Whether customers stay or go, Rogers is also dealing with the issue of compensation.
While it now says it will offer credits equivalent to five days of service, earlier tweets from Rogers’ official Twitter account indicated to angry customers that it would offer two days’ credit.
Based on that amount, the company could pay out more than $76 million in credits, National Bank telecom analyst Adam Shine wrote in a report Tuesday, suggesting the five days of credit will cost Rogers significantly more.
Shine said there will likely be other costs to settle lawsuits and also spending to retain customers who plan to leave. He said some subscribers are also likely to “unbundle” their services, splitting up their wireless and home internet between different companies for example, to minimize the fallout from future outages.

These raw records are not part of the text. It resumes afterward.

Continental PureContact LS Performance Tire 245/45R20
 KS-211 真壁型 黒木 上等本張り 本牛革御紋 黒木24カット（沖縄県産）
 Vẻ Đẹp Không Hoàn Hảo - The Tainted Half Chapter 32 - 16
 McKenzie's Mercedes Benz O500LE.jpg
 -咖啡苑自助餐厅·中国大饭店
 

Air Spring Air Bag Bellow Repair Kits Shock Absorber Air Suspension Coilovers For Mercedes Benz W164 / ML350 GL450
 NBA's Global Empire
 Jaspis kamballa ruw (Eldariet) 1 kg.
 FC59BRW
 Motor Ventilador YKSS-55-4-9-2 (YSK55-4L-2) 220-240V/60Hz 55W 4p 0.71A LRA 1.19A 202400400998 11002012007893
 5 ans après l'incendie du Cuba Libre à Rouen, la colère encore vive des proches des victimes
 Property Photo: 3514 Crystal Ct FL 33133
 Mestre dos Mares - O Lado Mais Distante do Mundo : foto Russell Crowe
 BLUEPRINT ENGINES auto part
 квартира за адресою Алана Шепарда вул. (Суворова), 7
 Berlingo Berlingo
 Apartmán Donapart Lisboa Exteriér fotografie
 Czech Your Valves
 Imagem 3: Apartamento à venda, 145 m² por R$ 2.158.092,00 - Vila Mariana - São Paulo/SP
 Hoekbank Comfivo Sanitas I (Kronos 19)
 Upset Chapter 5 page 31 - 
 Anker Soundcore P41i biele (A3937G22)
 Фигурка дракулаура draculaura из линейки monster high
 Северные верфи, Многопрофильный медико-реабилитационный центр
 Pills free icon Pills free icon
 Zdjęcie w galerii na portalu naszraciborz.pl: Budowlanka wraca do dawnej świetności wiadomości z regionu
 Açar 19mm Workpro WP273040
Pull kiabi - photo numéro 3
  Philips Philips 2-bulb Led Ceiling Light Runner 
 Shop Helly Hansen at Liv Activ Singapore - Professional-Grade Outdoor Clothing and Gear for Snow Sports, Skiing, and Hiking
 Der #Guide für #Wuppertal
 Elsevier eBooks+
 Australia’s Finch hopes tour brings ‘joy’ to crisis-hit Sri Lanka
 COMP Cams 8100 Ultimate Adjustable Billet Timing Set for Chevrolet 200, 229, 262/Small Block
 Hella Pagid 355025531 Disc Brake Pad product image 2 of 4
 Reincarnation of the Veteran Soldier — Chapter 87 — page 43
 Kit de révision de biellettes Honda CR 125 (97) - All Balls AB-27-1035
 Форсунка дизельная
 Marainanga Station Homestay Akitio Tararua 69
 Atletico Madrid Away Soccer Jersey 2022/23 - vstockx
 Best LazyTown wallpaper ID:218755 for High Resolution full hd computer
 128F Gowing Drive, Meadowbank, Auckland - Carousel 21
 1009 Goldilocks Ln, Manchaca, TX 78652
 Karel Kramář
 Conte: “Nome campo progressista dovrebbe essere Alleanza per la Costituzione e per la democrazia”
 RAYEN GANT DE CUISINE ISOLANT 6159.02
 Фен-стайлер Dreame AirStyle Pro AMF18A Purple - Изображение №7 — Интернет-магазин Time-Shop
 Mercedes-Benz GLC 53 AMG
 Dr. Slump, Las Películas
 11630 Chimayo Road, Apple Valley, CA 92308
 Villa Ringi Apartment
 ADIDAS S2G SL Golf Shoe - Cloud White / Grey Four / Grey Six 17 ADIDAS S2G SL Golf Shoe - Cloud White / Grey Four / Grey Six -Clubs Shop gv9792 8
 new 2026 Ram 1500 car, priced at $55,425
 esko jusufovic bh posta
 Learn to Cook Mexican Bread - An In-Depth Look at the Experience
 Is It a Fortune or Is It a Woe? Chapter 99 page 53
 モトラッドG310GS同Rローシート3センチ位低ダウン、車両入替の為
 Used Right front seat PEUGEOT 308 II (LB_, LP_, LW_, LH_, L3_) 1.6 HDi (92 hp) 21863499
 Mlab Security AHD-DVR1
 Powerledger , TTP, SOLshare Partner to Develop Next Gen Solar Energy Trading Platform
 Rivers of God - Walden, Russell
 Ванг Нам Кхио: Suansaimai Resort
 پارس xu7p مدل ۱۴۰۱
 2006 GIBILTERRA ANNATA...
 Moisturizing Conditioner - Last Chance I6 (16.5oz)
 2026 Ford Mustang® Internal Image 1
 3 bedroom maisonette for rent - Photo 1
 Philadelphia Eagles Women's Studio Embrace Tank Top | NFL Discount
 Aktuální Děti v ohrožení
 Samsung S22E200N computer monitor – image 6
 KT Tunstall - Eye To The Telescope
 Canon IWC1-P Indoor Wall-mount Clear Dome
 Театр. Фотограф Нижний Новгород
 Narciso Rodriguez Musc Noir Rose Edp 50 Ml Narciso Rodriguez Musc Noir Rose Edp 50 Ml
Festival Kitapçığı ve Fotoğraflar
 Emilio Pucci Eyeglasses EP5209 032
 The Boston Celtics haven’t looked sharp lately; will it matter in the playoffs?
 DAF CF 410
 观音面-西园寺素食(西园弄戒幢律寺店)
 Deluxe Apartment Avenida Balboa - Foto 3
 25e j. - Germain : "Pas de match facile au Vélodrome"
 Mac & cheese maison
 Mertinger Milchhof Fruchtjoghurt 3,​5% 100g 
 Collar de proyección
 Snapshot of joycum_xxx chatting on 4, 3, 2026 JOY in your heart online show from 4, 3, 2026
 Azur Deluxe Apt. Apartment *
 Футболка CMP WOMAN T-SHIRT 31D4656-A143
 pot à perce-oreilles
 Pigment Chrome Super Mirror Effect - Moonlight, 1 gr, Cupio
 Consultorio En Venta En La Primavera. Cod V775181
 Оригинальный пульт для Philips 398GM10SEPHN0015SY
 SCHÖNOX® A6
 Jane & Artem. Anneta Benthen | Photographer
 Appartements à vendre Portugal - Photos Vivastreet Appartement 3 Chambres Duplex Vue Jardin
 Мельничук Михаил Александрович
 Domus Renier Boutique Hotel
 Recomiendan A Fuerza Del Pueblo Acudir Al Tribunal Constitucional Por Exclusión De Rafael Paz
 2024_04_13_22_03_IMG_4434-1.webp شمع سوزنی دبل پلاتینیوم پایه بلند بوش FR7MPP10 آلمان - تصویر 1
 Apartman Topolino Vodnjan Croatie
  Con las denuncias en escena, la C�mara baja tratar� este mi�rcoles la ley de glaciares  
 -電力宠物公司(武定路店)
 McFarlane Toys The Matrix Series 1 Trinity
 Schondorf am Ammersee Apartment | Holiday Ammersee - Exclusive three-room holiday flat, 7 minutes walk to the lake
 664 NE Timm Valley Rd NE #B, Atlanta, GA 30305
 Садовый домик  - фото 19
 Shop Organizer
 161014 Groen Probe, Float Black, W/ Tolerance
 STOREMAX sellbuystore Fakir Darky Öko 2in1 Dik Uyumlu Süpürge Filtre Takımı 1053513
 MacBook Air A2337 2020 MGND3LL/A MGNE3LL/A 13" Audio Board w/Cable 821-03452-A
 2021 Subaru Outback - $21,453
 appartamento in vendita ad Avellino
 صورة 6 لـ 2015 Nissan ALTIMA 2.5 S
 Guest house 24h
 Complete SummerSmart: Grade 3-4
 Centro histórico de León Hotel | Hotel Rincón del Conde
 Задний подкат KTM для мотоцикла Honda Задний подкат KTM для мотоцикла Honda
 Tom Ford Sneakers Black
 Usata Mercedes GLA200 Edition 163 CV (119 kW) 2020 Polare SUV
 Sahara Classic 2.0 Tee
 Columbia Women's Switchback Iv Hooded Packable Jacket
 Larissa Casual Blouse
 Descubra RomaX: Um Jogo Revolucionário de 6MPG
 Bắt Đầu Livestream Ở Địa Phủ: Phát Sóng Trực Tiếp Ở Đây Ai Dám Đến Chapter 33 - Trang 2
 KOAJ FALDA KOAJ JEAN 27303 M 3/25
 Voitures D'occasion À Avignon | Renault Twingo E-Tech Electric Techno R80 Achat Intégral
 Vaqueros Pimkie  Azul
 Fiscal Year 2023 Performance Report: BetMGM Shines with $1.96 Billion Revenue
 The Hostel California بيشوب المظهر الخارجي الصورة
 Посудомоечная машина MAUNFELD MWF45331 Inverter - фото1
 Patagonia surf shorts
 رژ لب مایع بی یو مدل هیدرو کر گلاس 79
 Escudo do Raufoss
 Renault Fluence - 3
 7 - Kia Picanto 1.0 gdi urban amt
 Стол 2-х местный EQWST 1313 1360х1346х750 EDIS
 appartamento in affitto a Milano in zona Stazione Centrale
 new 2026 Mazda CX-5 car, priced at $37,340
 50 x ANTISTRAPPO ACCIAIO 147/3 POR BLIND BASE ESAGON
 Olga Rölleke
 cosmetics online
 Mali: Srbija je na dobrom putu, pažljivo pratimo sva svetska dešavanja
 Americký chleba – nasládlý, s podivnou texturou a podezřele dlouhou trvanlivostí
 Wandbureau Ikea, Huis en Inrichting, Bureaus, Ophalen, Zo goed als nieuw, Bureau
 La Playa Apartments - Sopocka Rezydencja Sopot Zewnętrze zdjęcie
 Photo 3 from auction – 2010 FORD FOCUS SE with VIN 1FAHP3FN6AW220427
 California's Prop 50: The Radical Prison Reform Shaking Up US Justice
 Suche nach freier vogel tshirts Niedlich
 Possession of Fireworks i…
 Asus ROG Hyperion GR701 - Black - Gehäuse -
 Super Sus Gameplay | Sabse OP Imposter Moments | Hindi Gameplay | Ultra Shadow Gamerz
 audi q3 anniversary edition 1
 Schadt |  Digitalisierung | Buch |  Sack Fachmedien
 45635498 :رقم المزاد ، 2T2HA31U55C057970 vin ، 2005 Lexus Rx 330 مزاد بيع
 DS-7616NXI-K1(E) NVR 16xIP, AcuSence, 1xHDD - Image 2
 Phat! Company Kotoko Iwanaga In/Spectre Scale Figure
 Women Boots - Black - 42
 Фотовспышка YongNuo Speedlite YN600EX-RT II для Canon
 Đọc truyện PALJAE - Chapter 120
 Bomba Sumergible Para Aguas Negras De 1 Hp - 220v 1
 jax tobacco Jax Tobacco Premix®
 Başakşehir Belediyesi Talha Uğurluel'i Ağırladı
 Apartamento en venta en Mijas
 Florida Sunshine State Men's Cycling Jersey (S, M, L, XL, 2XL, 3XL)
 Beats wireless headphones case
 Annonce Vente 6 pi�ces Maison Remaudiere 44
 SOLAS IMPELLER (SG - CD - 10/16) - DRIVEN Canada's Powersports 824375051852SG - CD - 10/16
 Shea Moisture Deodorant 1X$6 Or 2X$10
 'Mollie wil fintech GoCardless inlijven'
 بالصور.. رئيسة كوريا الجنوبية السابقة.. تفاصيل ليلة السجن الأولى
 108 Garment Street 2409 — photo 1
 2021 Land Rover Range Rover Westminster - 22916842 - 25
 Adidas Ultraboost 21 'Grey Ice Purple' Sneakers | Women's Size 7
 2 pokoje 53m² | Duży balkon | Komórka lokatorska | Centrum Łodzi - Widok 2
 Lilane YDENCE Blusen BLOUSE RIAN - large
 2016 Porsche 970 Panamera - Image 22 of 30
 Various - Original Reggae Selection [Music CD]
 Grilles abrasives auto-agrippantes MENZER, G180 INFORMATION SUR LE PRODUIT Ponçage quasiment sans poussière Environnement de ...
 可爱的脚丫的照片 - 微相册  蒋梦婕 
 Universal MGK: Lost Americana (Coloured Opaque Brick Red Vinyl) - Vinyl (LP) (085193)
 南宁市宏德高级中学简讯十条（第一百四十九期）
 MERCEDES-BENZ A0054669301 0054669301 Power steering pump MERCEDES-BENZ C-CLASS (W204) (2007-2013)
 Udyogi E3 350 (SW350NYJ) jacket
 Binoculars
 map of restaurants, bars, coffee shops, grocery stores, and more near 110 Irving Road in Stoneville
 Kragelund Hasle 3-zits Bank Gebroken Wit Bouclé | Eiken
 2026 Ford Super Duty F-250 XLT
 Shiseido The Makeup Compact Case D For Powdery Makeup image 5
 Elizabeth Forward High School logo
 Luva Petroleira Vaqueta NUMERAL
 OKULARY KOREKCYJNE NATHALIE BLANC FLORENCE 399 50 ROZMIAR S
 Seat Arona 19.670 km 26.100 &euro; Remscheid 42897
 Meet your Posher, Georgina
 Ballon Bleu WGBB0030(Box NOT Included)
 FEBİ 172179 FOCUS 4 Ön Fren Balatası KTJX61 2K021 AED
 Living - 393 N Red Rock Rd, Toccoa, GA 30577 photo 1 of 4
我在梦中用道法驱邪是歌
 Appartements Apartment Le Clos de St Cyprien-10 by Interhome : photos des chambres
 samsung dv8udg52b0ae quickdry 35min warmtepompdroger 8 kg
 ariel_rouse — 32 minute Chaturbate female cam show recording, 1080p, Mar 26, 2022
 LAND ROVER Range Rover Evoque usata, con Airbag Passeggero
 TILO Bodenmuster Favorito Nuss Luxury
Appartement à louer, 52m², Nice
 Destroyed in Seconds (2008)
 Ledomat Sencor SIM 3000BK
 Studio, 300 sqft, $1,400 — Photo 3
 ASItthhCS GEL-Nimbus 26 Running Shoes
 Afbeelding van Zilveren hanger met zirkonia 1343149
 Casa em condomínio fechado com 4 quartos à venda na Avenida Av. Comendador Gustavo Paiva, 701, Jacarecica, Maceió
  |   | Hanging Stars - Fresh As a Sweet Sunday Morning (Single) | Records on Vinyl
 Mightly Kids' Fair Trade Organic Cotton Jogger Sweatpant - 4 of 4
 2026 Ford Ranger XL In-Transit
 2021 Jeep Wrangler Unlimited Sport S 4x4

On Monday, a law firm in Quebec filed a proposed class-action lawsuit against Rogers, claiming damages of up to $400 per customer. The case has not been authorized by a court and none of the claims have been proven.
But while not everyone will up and leave their Rogers contracts this week, Soberman thinks that over time the impact of the outage on Rogers’ image will be clear. For people whose contracts are ending, or who are signing up for a new service, the memory of the outage may sway their decisions, he said.